- Stanislav Petrov y el Incidente del equinoccio de otoño |
Cuando las alarmas sonaron en la base Serpukhov-15, todos los oficiales observaron a Stanislav Petrov. Sin poder creer lo que sus ojos veían, el teniente coronel se fue acercando a las computadoras. Frente a él, las enormes pantallas en la sala de mando se iluminaban con un mensaje inequívoco: un misil balístico intercontinental proveniente de Estados Unidos viajaba en dirección a la Unión Soviética. Sin dar tiempo a análisis alguno, otro misil apareció en el radar. Y luego otro. En total, cinco destellos en el tablero de advertencia. La emergencia era extrema. Petrov sabía bien que el protocolo indicaba que, en caso de ataque, debía dar aviso urgente a sus superiores. Sabía también que, si lo hacía, el mundo estaba a las puertas de una tercera guerra mundial.
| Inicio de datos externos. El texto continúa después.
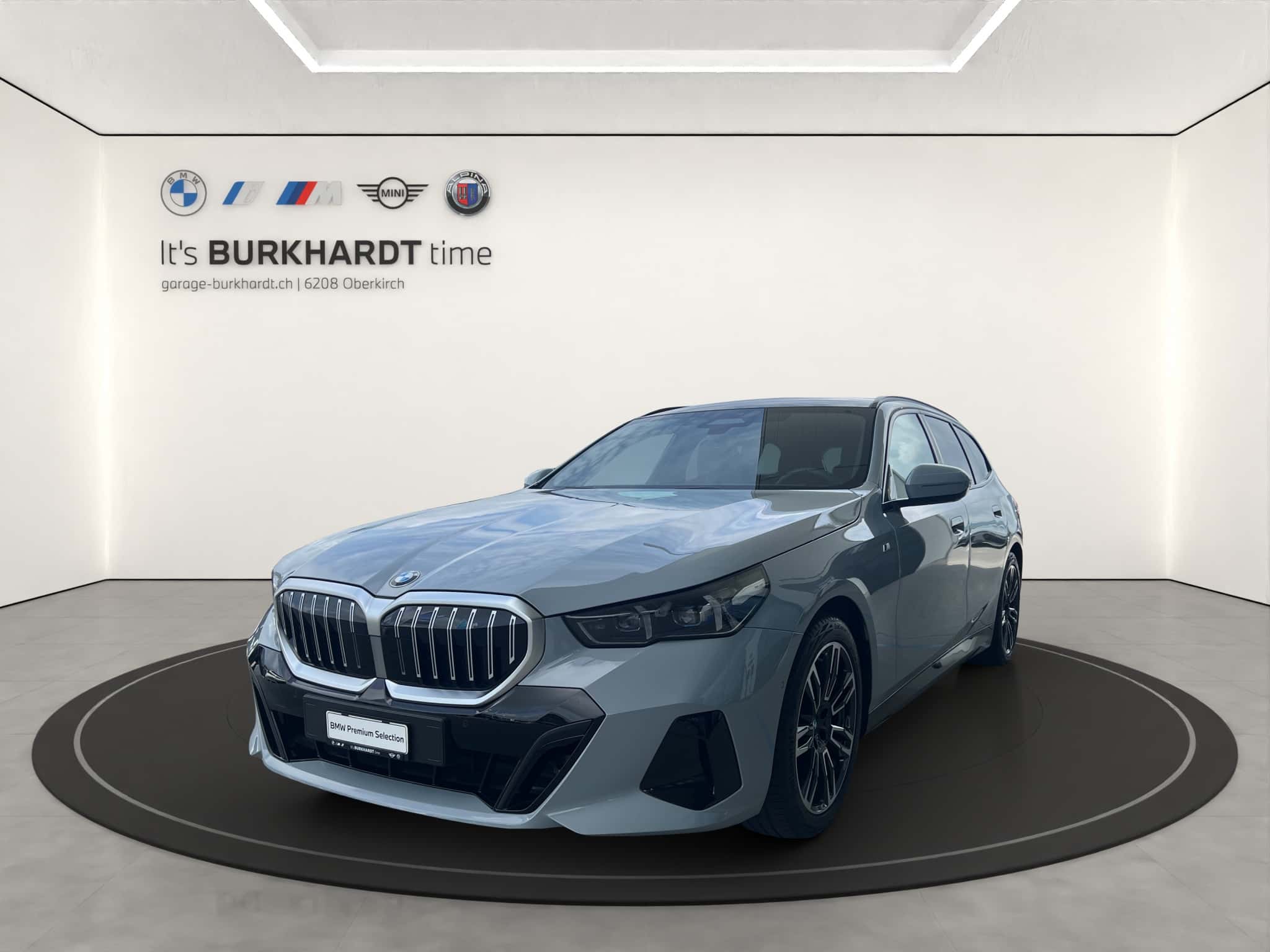 BMW 5er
Lo primero que notó fue que, según el sistema de alerta temprana soviético, los misiles habían sido lanzados desde la base de la Fuerza Aérea Malmstrom, en Montana. Conocía, además, que esos misiles podían portar una o varias ojivas nucleares. Y, no menos importante, por la velocidad y trayectoria que llevaban, en tan solo 20 minutos impactarían en su objetivo. La Guerra Fría, que hacía tiempo jugaba con una fricción al borde del colapso, ahora estaba a minutos de explotar. Ante la mirada atónita de los presentes, que veían el reloj avanzar, Petrov aguardaba pensativo sin dar aviso a los altos mandos. Y es que algo no terminaba de cerrarle.
Ese 26 de septiembre de 1983 –todavía la noche del 25 en EEUU-, el teniente coronel Petrov tomó una decisión que cambiaría la historia de la humanidad. Seguro de sus palabras, informó a sus compañeros que era una falsa alarma. Según sostuvo, si Estados Unidos hubiese querido desencadenar un conflicto sin precedentes contra la Unión Soviética, no lo habría hecho de esa manera. La lógica le decía que un ataque real sería masivo, no reducido a apenas unos misiles aislados. Su conclusión fue que debía tratarse de un error del sistema de satélites. Nadie más habló. Quedaban unos escasos minutos por delante para saber la verdad.
Poco después, las pantallas se apagaron. Ningún misil había caído sobre la URSS. Petrov estaba en lo cierto y acababa de salvar a la humanidad de un desastre difícil de dimensionar. La falla se había debido a un raro efecto de los rayos del sol sobre las nubes más altas, que habían causado que los satélites interpretaran las señales térmicas como misiles. Si bien Petrov fue felicitado por su accionar, al mismo tiempo fue sancionado por saltarse los protocolos. Durante años, el incidente permaneció en secreto. En 1993, cuatro años después de la caída del muro de Berlín, el mundo conoció lo ocurrido aquella madrugada de 1983. Petrov vivió el resto de su vida sabiendo que, si en lugar de haber confiado en su interpretación hubiese cumplido con las normas al pie de la letra, el mundo, en el mejor de los casos, nunca habría vuelto a ser el mismo.